- [Description of the task] With the material below, print exactly the lines between the line holding "Răng mọc chen" and the line holding "діти, шкіра", inclusive. Add nothing else.

######

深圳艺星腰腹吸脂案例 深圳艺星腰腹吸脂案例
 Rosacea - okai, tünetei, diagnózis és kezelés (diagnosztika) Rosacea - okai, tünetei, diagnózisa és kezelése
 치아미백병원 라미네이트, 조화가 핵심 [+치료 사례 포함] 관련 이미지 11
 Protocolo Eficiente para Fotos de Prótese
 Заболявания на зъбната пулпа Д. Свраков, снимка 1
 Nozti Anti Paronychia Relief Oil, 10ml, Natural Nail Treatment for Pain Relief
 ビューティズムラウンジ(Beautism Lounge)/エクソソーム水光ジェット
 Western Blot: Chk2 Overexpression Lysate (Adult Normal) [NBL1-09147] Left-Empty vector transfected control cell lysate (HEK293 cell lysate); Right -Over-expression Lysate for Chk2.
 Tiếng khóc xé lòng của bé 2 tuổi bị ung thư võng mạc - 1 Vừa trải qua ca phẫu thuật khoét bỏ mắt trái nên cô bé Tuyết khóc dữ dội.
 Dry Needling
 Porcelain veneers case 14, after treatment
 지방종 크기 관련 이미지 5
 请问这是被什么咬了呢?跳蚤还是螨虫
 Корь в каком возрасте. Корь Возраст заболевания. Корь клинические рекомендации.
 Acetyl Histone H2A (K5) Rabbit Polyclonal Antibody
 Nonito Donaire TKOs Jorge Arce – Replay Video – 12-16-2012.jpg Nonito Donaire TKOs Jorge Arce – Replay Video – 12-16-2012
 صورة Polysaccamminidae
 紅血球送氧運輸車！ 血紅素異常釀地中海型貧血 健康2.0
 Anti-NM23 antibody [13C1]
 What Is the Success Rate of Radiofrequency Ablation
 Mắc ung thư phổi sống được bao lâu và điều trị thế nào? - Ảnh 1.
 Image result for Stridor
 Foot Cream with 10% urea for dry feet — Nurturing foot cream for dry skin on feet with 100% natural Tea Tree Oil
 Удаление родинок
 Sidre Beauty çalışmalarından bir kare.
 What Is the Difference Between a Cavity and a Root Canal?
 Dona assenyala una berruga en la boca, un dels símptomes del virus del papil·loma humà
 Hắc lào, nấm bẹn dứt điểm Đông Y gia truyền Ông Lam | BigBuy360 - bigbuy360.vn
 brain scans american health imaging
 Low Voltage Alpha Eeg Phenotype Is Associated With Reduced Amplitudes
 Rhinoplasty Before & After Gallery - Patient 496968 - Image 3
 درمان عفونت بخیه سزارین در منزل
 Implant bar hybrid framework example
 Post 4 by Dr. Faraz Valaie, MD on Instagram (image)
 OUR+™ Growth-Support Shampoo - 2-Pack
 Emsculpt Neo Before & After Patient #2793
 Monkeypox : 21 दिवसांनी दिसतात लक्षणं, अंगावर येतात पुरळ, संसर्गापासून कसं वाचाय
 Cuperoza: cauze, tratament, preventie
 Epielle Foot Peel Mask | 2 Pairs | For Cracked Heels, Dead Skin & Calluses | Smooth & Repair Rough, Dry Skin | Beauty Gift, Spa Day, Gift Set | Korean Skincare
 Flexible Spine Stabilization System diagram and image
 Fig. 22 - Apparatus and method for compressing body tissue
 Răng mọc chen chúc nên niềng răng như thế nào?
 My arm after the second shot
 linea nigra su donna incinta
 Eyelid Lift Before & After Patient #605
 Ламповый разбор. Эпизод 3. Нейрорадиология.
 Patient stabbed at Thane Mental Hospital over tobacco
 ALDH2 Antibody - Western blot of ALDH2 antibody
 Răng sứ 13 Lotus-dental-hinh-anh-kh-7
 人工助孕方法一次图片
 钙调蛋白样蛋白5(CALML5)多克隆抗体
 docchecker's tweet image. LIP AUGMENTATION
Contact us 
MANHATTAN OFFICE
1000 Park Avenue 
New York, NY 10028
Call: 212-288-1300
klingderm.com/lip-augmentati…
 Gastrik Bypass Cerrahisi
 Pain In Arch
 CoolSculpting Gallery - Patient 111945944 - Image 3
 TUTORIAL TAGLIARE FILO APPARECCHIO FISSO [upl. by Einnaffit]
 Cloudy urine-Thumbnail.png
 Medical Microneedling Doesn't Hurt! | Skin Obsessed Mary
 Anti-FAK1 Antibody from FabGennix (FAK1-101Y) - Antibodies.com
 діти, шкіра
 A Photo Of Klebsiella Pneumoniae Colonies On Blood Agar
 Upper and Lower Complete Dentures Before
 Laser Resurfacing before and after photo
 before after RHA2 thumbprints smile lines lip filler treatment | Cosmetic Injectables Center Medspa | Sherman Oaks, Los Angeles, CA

######

- [Solution for this problem]
 Răng mọc chen chúc nên niềng răng như thế nào?
 My arm after the second shot
 linea nigra su donna incinta
 Eyelid Lift Before & After Patient #605
 Ламповый разбор. Эпизод 3. Нейрорадиология.
 Patient stabbed at Thane Mental Hospital over tobacco
 ALDH2 Antibody - Western blot of ALDH2 antibody
 Răng sứ 13 Lotus-dental-hinh-anh-kh-7
 人工助孕方法一次图片
 钙调蛋白样蛋白5(CALML5)多克隆抗体
 docchecker's tweet image. LIP AUGMENTATION
Contact us 
MANHATTAN OFFICE
1000 Park Avenue 
New York, NY 10028
Call: 212-288-1300
klingderm.com/lip-augmentati…
 Gastrik Bypass Cerrahisi
 Pain In Arch
 CoolSculpting Gallery - Patient 111945944 - Image 3
 TUTORIAL TAGLIARE FILO APPARECCHIO FISSO [upl. by Einnaffit]
 Cloudy urine-Thumbnail.png
 Medical Microneedling Doesn't Hurt! | Skin Obsessed Mary
 Anti-FAK1 Antibody from FabGennix (FAK1-101Y) - Antibodies.com
 діти, шкіра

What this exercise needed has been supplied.